::: GIVEN RECORDS :::

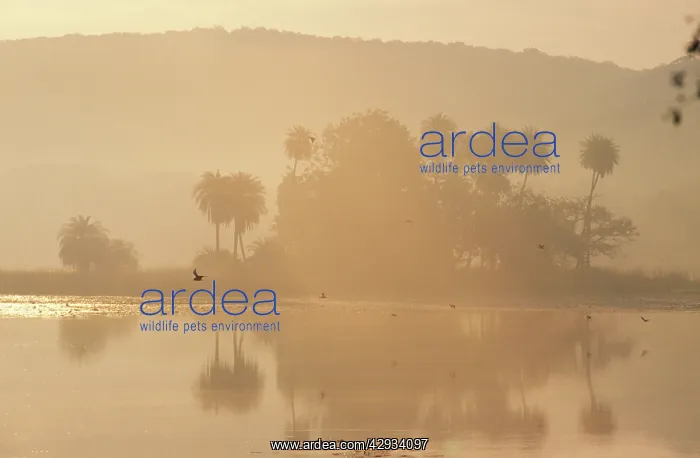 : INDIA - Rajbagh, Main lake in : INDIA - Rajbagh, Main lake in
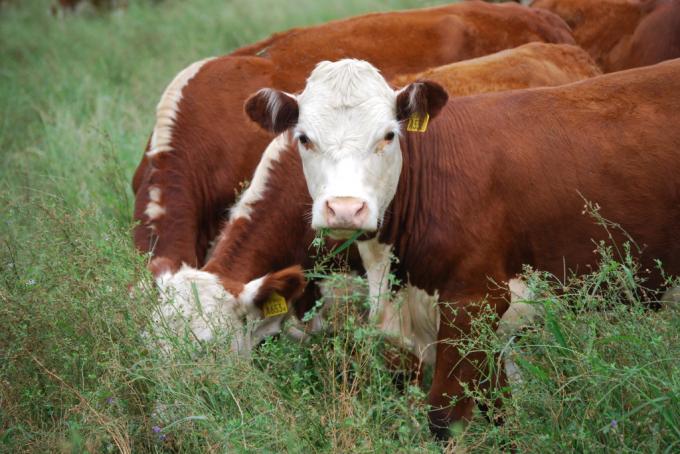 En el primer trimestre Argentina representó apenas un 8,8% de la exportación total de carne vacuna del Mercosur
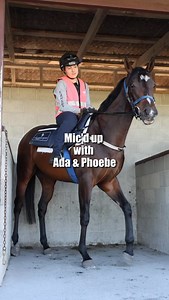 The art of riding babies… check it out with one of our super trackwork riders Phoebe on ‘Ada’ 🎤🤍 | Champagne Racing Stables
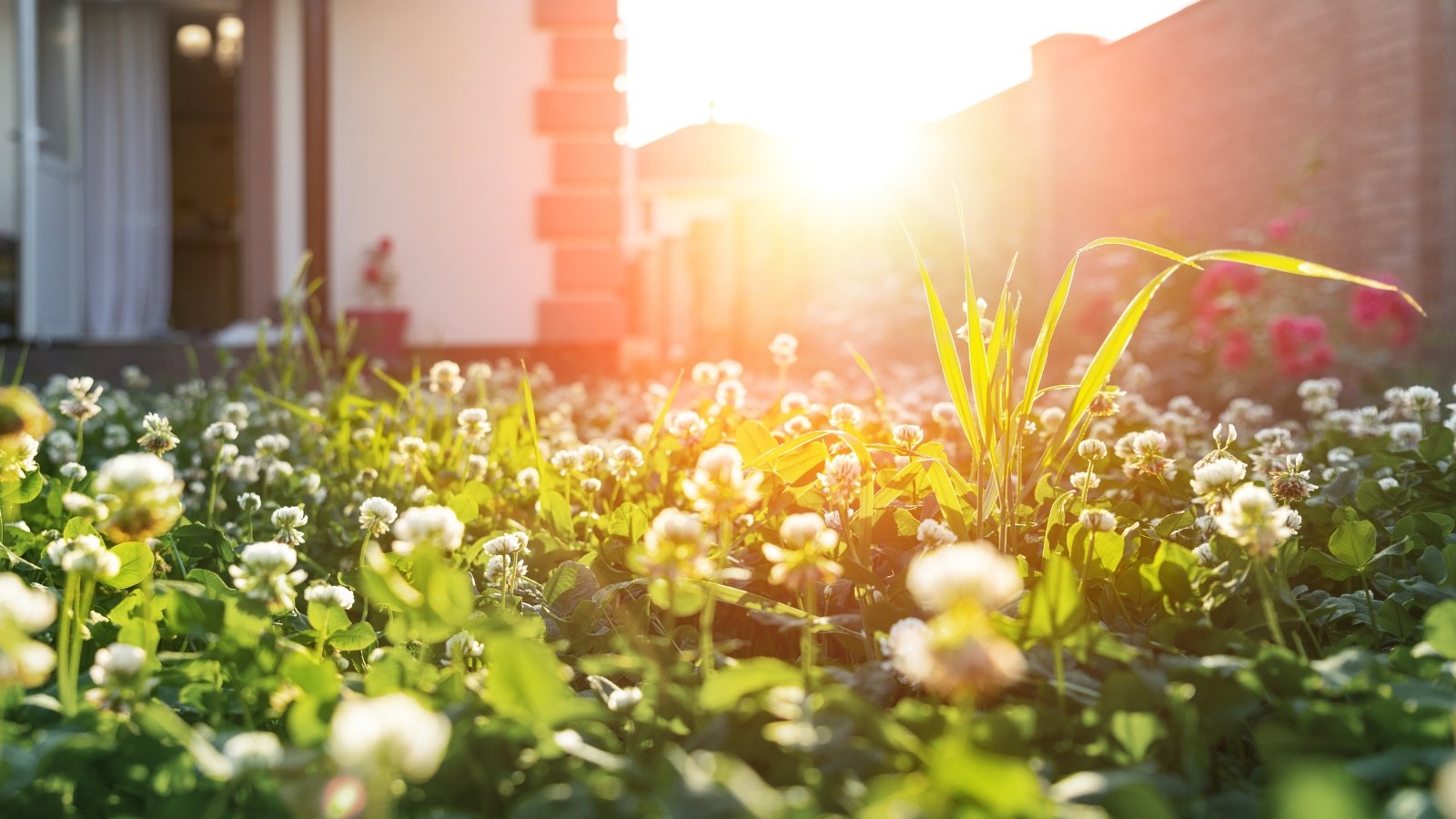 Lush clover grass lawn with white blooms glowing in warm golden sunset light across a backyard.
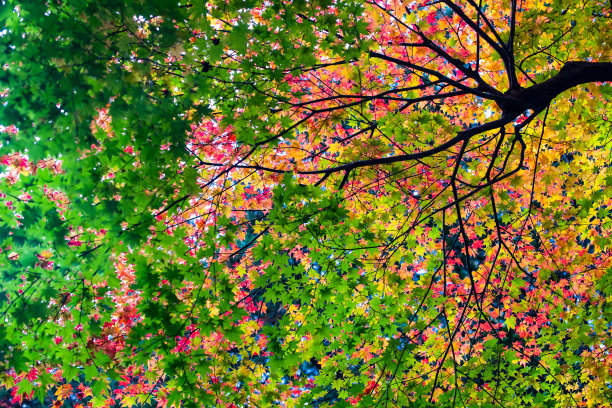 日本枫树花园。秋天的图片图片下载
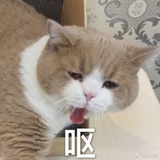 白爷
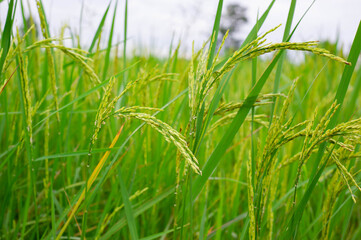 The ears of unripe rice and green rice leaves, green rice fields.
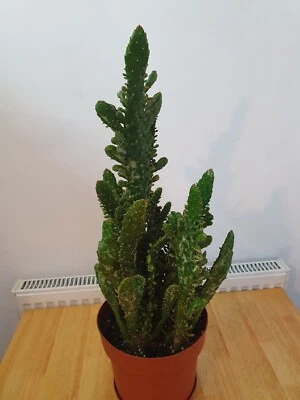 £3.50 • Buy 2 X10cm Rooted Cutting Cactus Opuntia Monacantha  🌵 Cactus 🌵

:::

EXERCISE REQUIREMENTS – Print nothing but the lines above starting with the line that contains "En el primer" and going on through the line that contains "The ears of". Leave out the pictures.

OUTPUT OF THE EXERCISE –
 En el primer trimestre Argentina representó apenas un 8,8% de la exportación total de carne vacuna del Mercosur
 The art of riding babies… check it out with one of our super trackwork riders Phoebe on ‘Ada’ 🎤🤍 | Champagne Racing Stables
 Lush clover grass lawn with white blooms glowing in warm golden sunset light across a backyard.
 日本枫树花园。秋天的图片图片下载
 白爷
 The ears of unripe rice and green rice leaves, green rice fields.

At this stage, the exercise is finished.